SQLite-based Workflow

Overview

With the increasing size and number of runs acquired by data-independent acquisition (DIA)-based methods, data analysis algorithms like OpenSWATH [1] are challenged by the size and data formats of the input data. Additionally, recent extensions like TRIC [2], IPF [3] and error-rate control on different levels and in different contexts [4] produce additional layers of data that could not be ideally represented by the original data structures.

For this reason, we are currently adapting the tools for new SQLite [5] based data formats that represent the data in a non-redundant fashion, require less storage and processing time. The new data formats have been implemented in OpenSWATH and PyProphet and the final results can be exported to the legacy TSV reports.

PQP files represent the data stored in TraML files.
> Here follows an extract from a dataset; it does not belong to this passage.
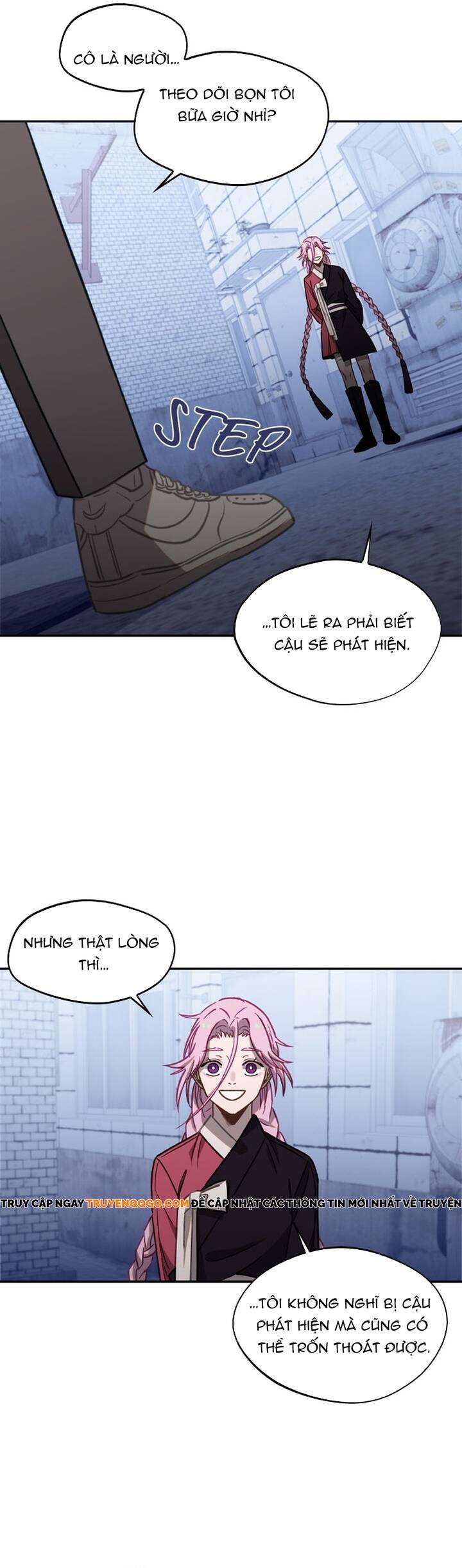 Cuộc Chiến Giữa Các Vị Thần Chap 39 - Next Chap 38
OSW files copy the exact data structure of the PQP files and append feature tables generated by OpenSWATH. Finally, PyProphet appends score tables linked to the feature tables. OpenSWATH stores the results of one run in a single OSW file. However, PyProphet can merge OSW files in a non-redundant, non-destructive fashion.

Contact and Support

The new data formats are currently in development and must NOT be used in production environments. We would however be very grateful for testing of the new workflows and reporting of problems and bugs.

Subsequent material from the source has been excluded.